## WHAT YOU WILL DO
For the records below, copy exactly the span that begins at the line containing "The bright living" and stops after the line containing "May include: A", minus any pictures.

■ ■ ■ ■ ■ ■ ■

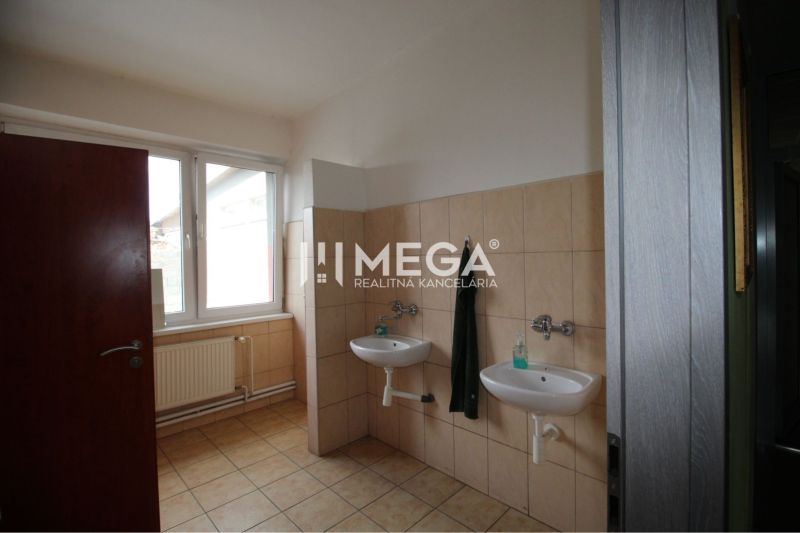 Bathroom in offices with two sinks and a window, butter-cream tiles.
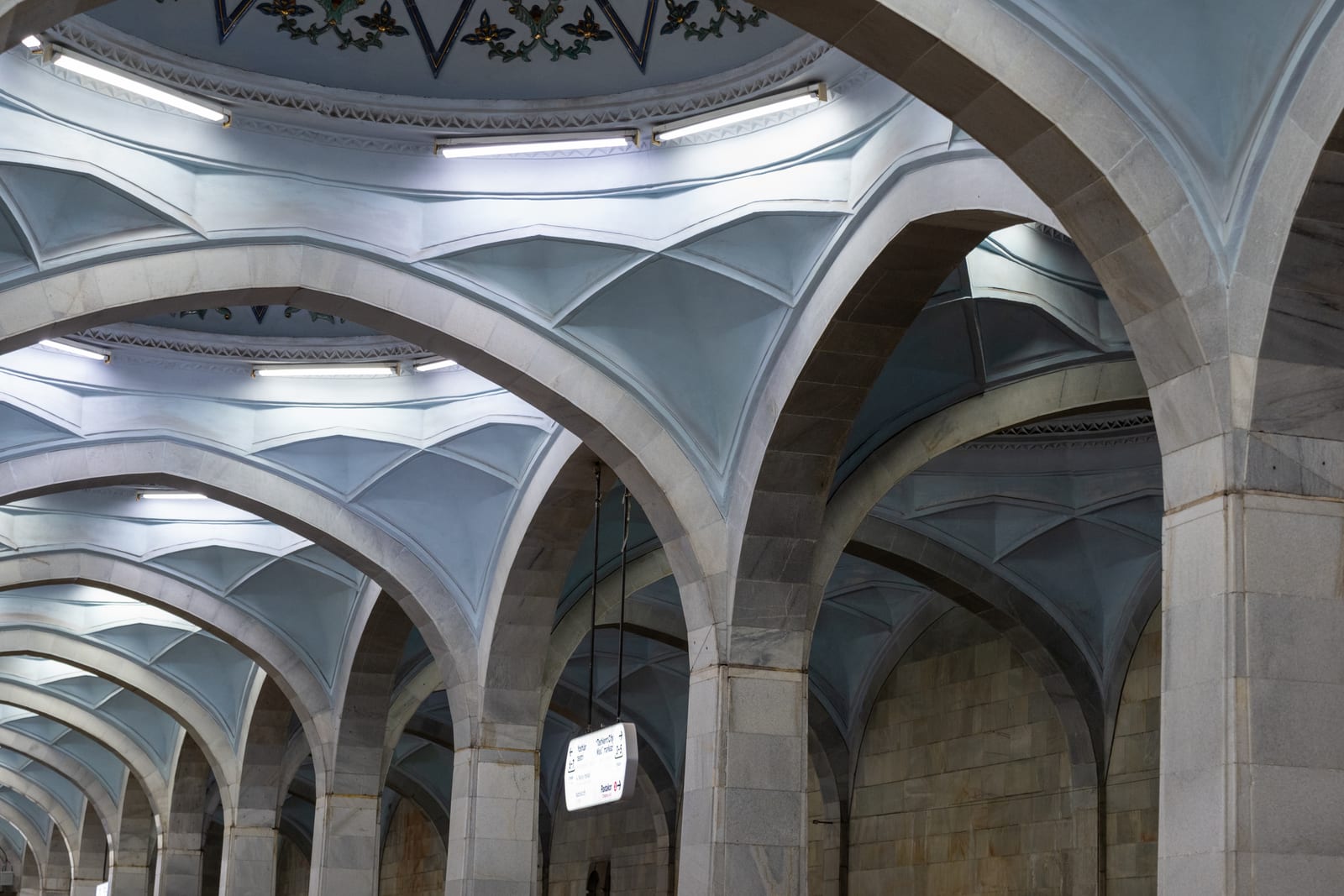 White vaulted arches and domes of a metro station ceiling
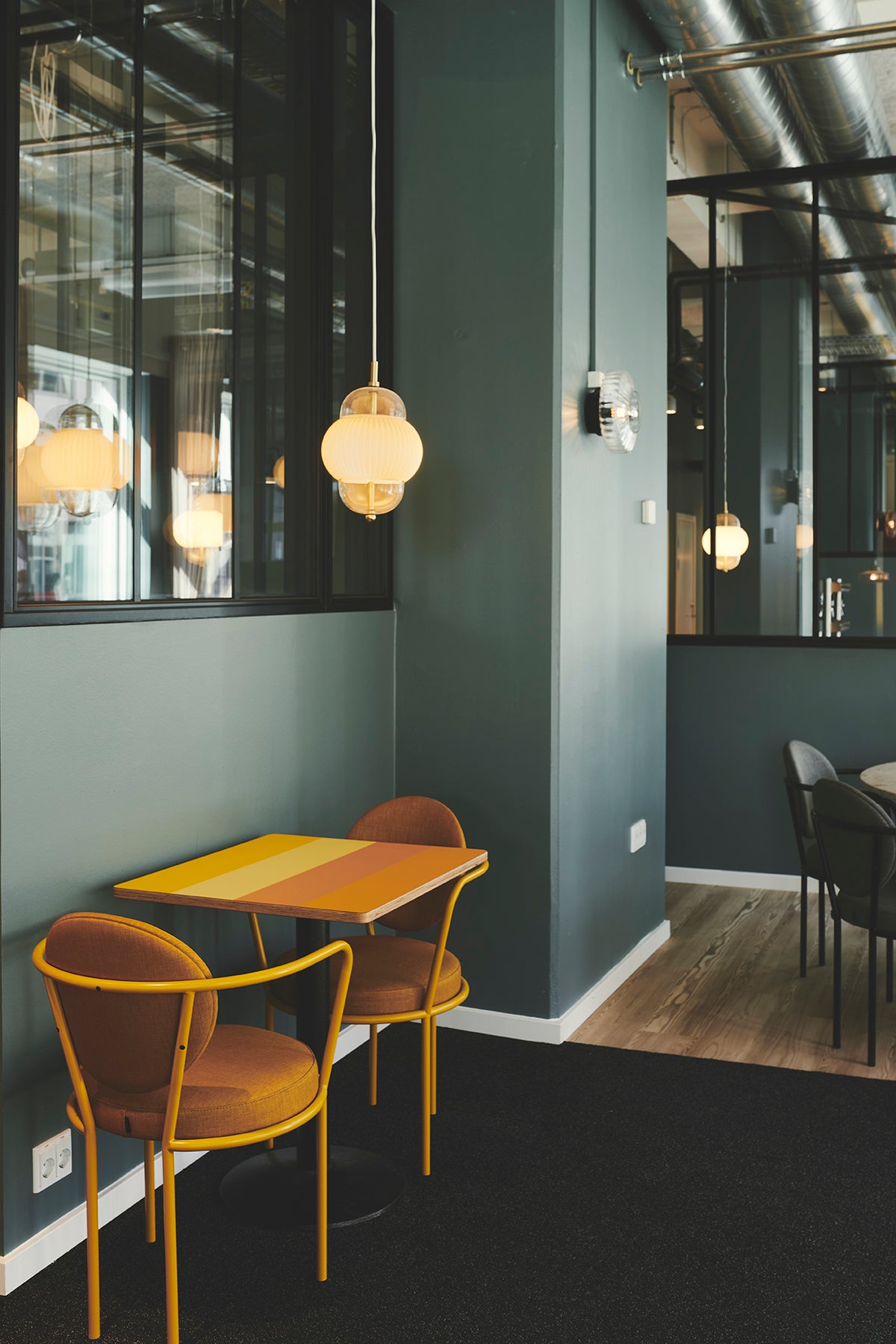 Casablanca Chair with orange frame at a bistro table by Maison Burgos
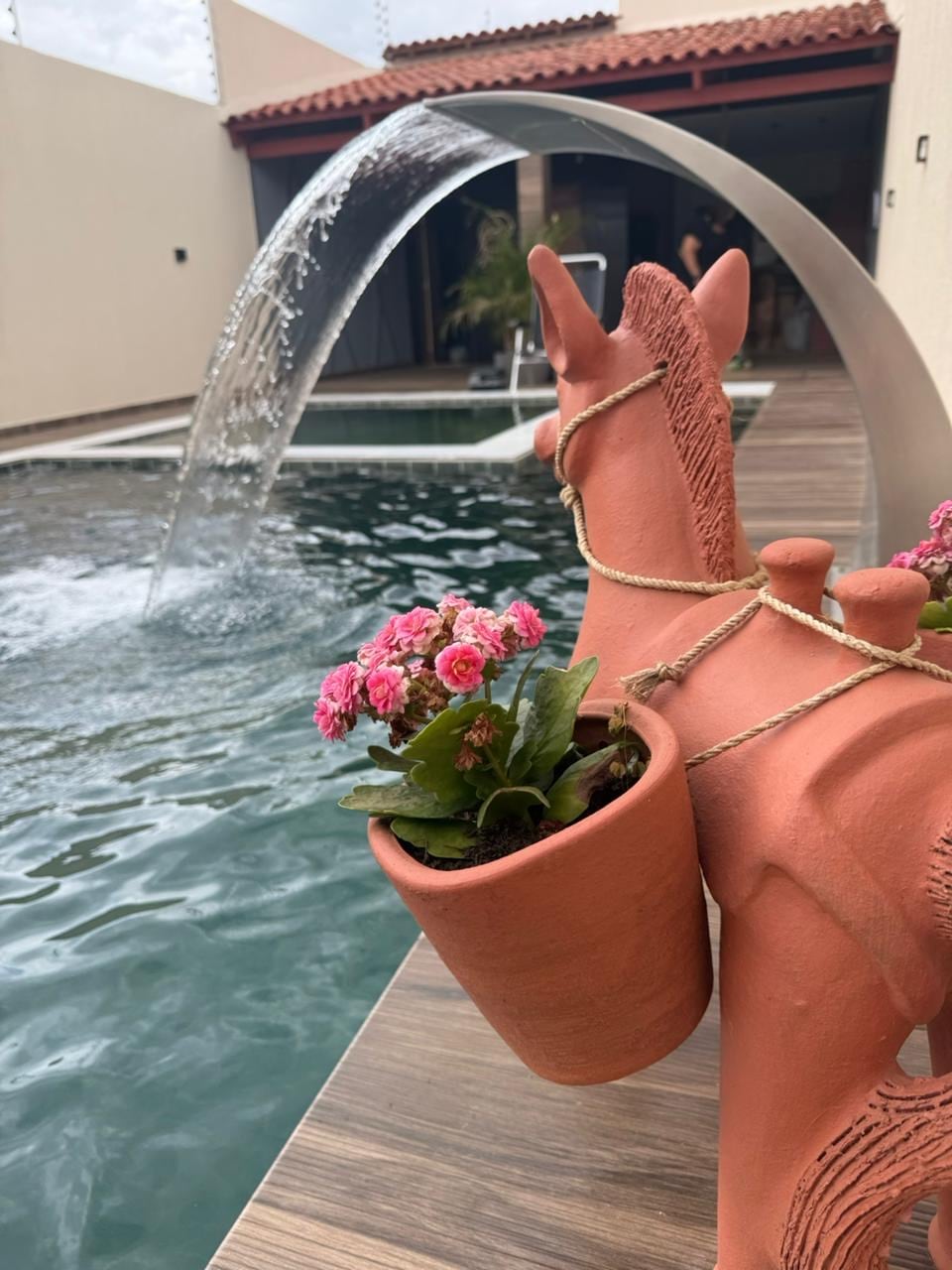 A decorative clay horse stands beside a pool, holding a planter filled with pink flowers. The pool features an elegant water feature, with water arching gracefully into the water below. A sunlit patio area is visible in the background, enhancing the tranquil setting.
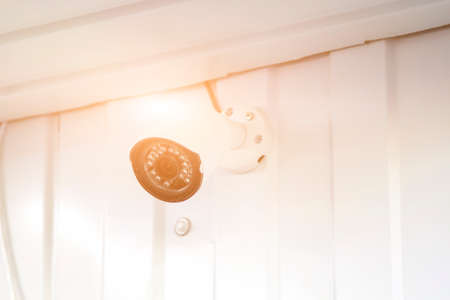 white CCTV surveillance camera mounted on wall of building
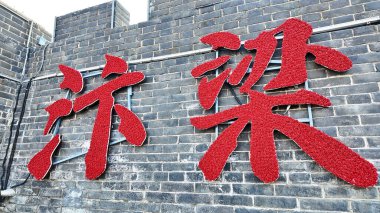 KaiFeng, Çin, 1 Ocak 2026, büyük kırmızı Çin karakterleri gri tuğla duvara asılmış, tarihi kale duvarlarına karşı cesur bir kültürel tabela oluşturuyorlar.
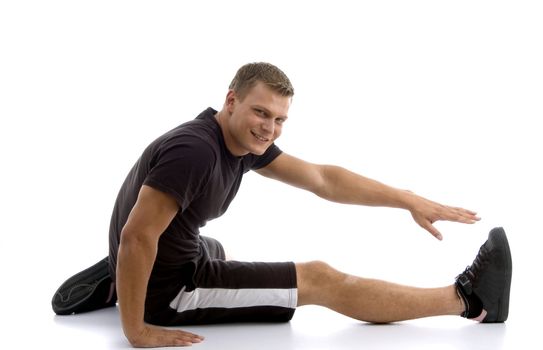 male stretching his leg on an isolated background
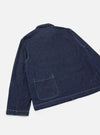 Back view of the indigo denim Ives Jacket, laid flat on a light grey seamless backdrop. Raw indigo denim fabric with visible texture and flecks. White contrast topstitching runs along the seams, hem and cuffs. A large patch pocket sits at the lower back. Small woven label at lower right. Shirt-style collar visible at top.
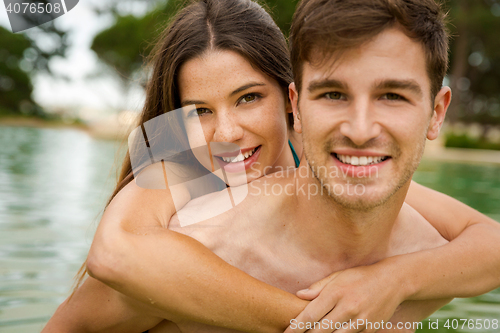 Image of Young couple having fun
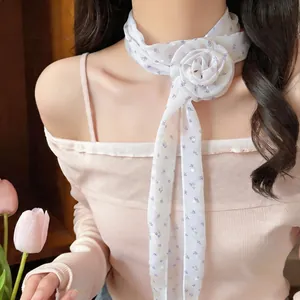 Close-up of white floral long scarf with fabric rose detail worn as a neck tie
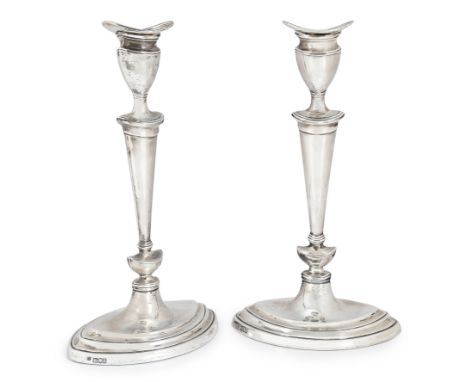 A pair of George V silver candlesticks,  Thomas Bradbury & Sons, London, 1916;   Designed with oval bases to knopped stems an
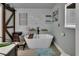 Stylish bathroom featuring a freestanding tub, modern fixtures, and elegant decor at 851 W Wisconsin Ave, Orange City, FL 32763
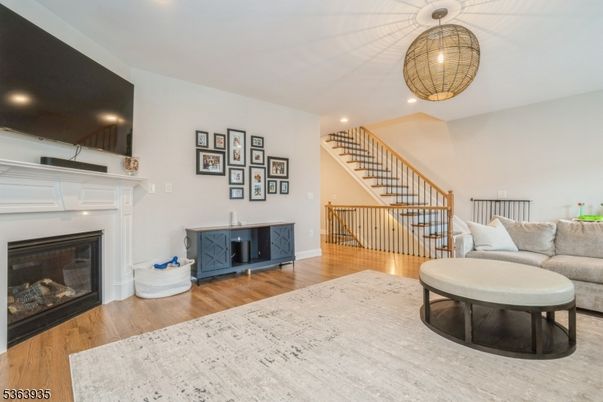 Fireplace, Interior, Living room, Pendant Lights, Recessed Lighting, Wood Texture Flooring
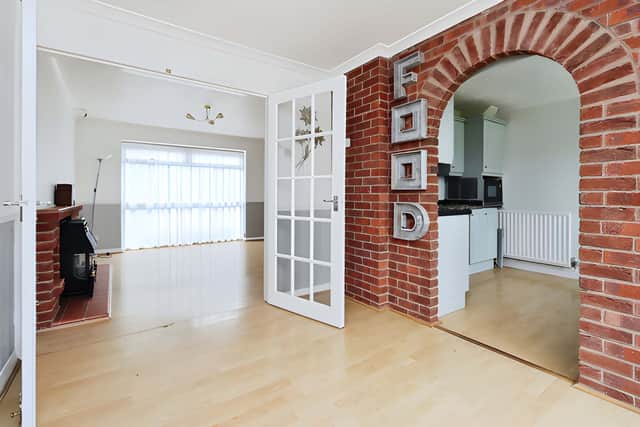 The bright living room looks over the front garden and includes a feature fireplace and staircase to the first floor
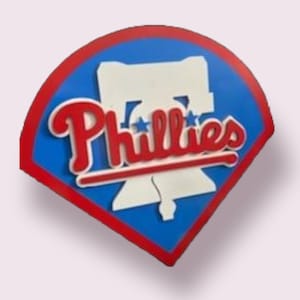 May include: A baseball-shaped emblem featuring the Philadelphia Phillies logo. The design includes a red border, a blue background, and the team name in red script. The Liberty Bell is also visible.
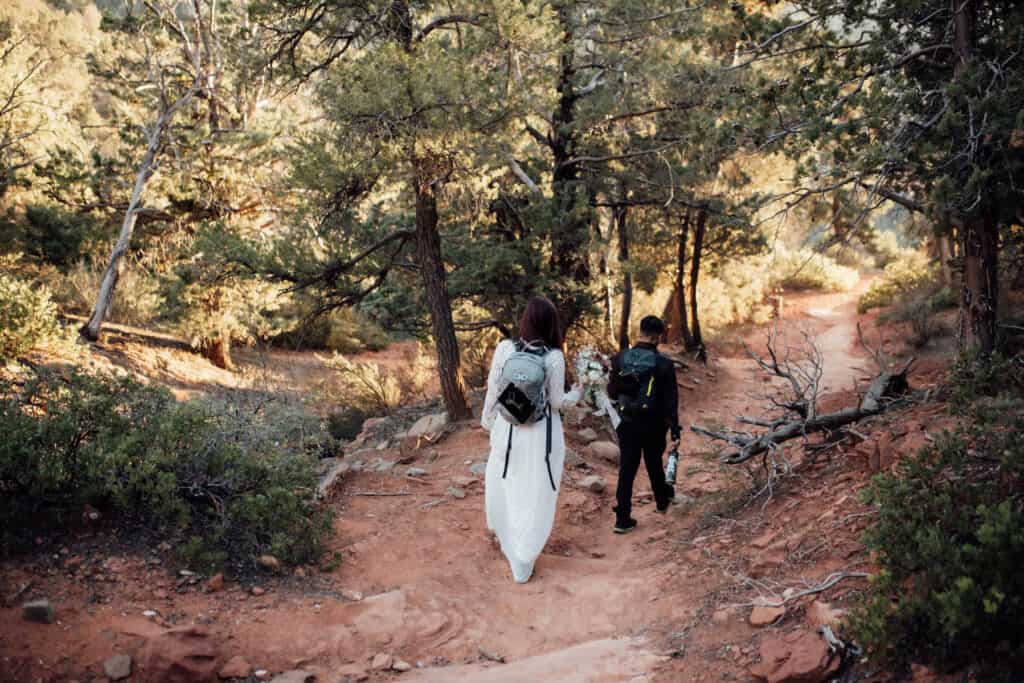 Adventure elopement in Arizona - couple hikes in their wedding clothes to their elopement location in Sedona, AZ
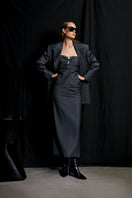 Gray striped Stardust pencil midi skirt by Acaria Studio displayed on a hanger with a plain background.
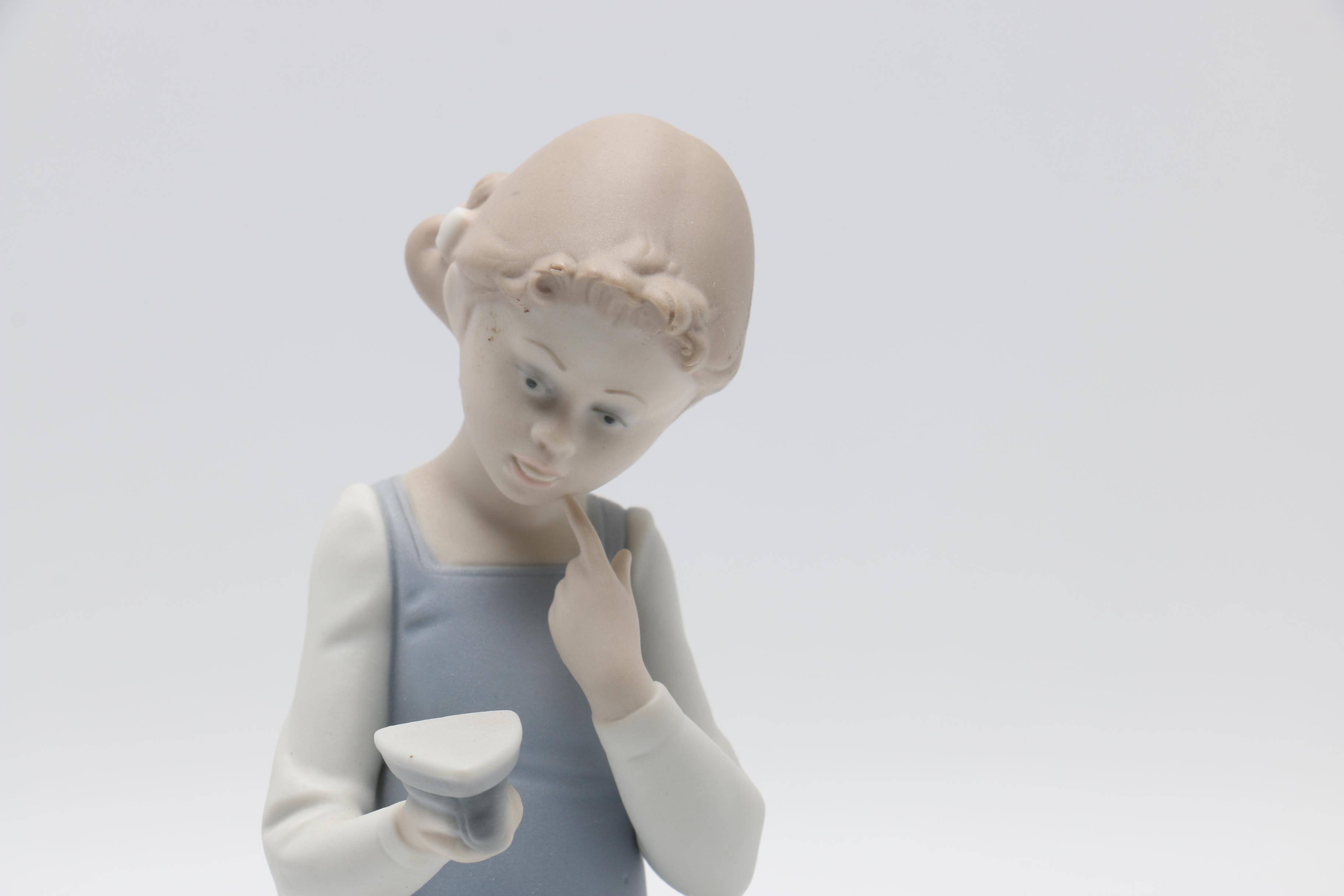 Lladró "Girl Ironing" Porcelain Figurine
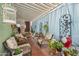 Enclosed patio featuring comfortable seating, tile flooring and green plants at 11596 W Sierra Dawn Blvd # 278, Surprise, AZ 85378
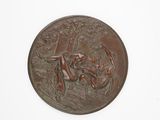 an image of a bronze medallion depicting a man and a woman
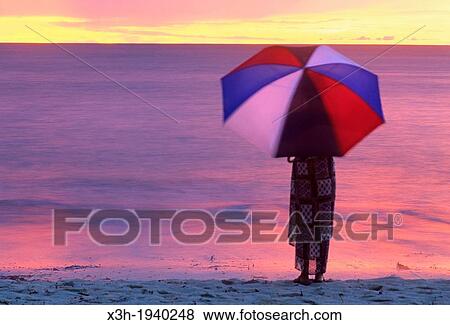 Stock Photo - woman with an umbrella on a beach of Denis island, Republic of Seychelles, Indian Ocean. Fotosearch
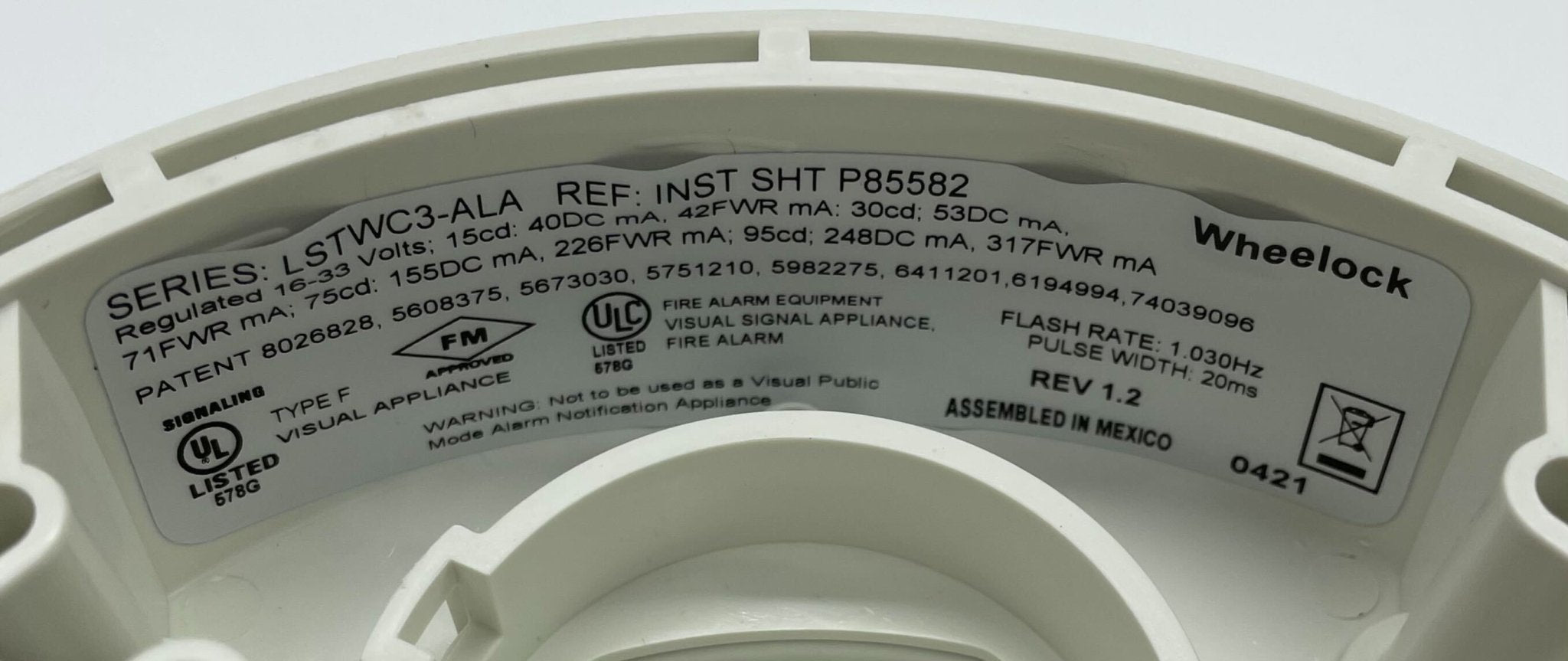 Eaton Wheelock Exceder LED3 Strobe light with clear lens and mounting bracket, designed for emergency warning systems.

■ ■ ■ ■ ■ ■ ■

## THE COMPLETED TASK
 The bright living room looks over the front garden and includes a feature fireplace and staircase to the first floor
 May include: A baseball-shaped emblem featuring the Philadelphia Phillies logo. The design includes a red border, a blue background, and the team name in red script. The Liberty Bell is also visible.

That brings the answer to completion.